━━━ The data

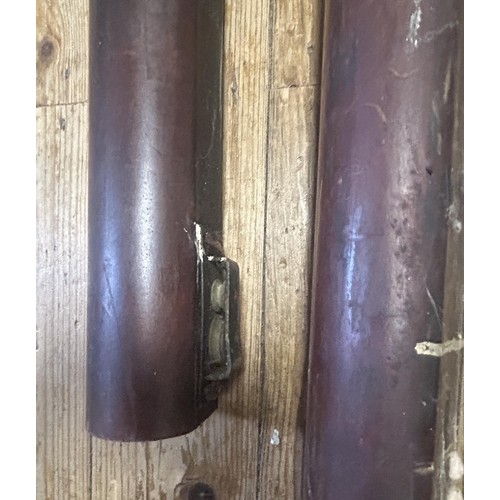 1201 - A pair of mahogany country house curtain poles, with rings, 248 cm wide (qty)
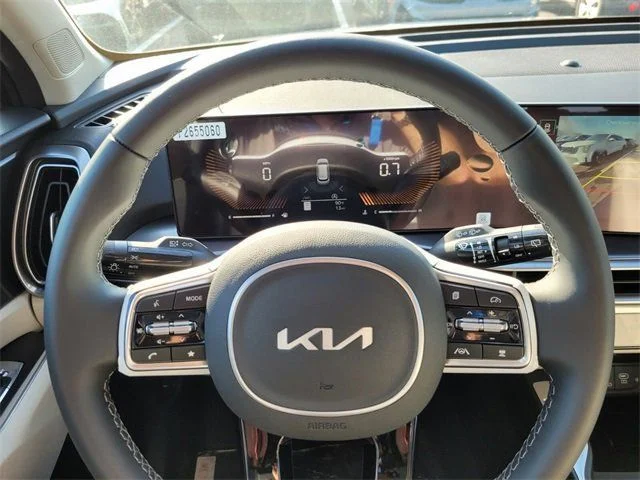 2025 Kia Sorento S - Photo 19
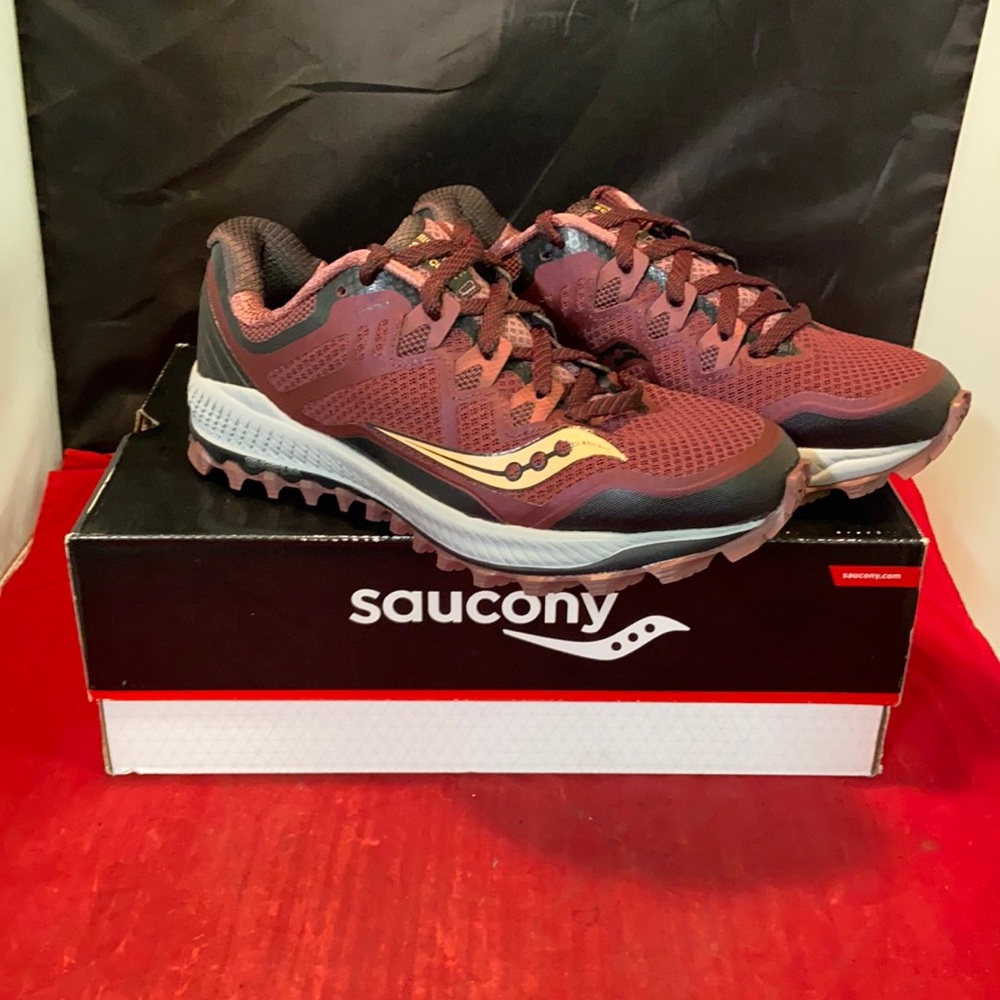 Womens Saucony Peregrine 8 Running Shoes Size 7.5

━━━━━━

§ **Exercise goal**
Every line above is to be reproduced verbatim, and the pictures are to be omitted.

§ **Answer space**
 1201 - A pair of mahogany country house curtain poles, with rings, 248 cm wide (qty)
 2025 Kia Sorento S - Photo 19
 Womens Saucony Peregrine 8 Running Shoes Size 7.5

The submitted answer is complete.